## [THE DATA]

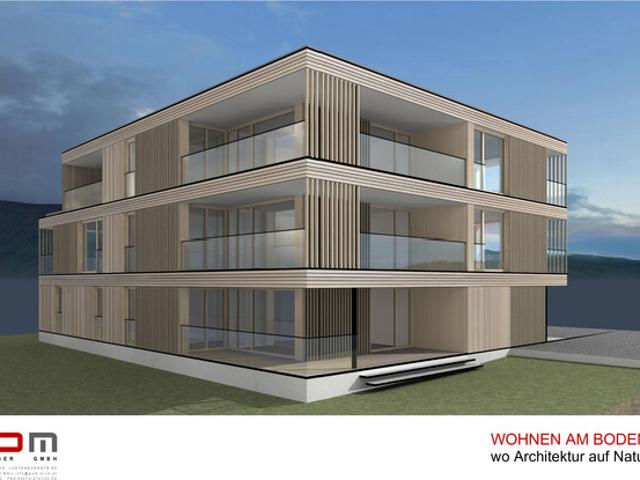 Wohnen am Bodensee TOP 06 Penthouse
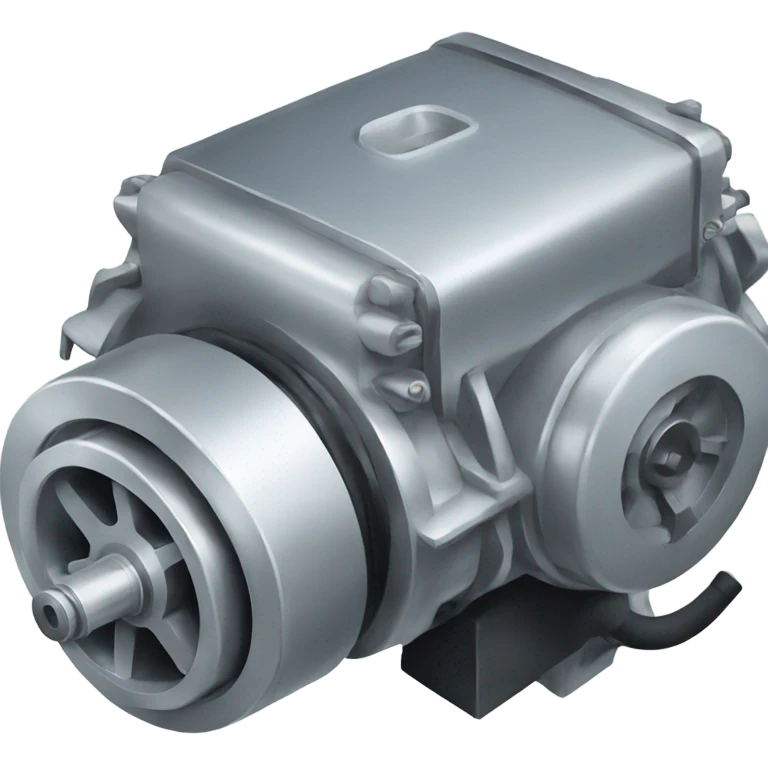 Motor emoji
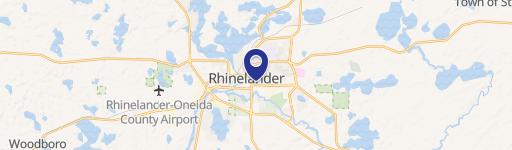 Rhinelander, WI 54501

## [TASK]
The output has to match the data above line for line, except that pictures are dropped.

## [RESPONSE BELOW]
 Wohnen am Bodensee TOP 06 Penthouse
 Motor emoji
 Rhinelander, WI 54501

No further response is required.